| WHAT TO PRODUCE |
Would you transcribe exactly the lines from the one containing "ein Wohnzimmer mit" to the last line of the data below, both ends included, but none of the pictures?

###

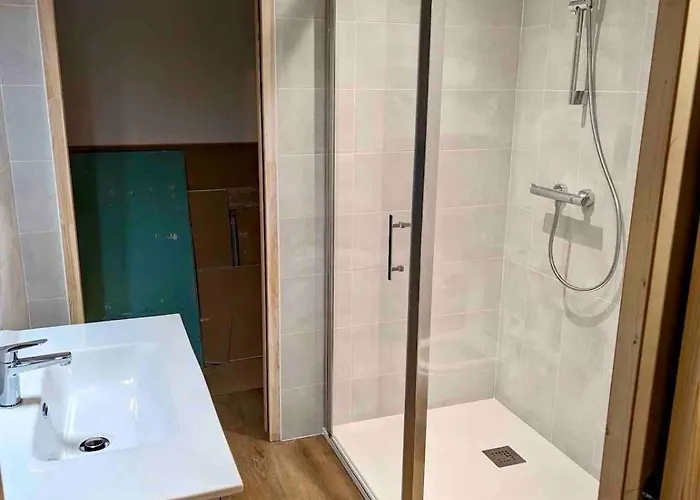 2 Maisons Privatives Avec Piscine Et Grues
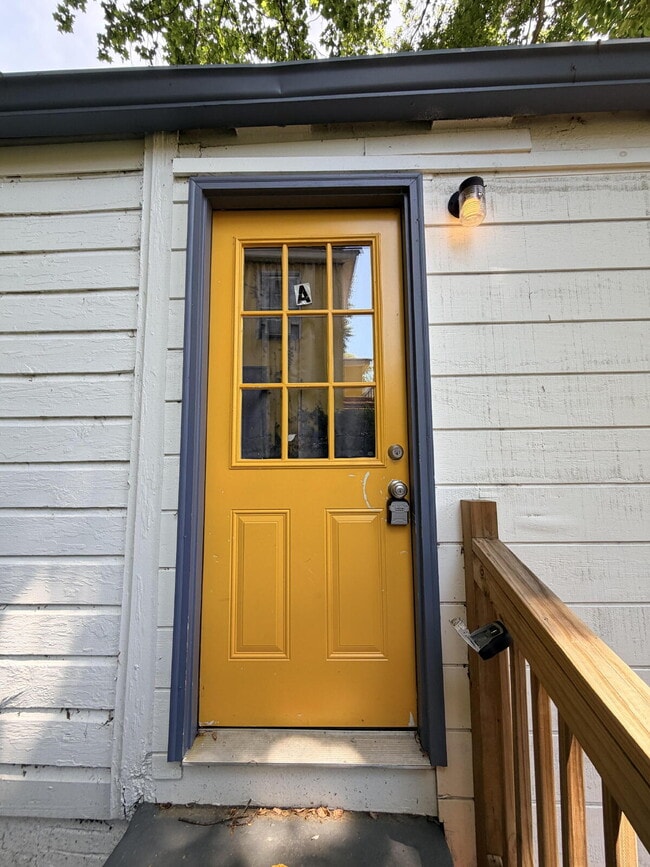 Building Photo - 10 Rockmart Dr NW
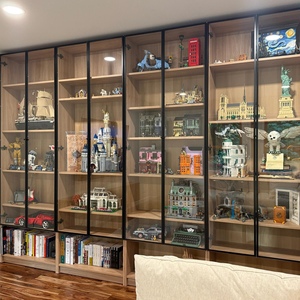 Armoire à cadeaux moderne en bois massif belle vitrine de <span class=keywords><strong>produits</strong></span> avec serrure lumière LED pour la maison cuisine salon meubles - Product Image 1
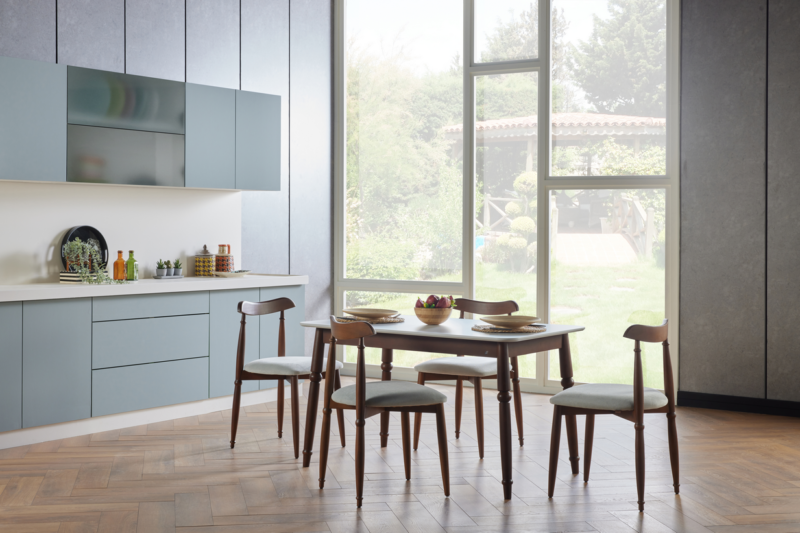 Merlin Kitchen Table Set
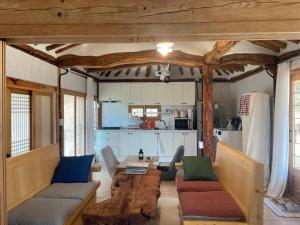 ein Wohnzimmer mit einem Sofa und einem Tisch in der Unterkunft Hanok Stay - JukRokJungSa in Gurye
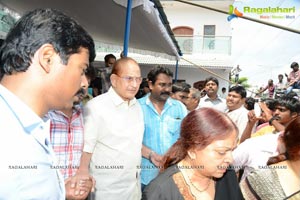 Srihari Fans at Srihari's House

###

| THE ANSWER |
 ein Wohnzimmer mit einem Sofa und einem Tisch in der Unterkunft Hanok Stay - JukRokJungSa in Gurye
 Srihari Fans at Srihari's House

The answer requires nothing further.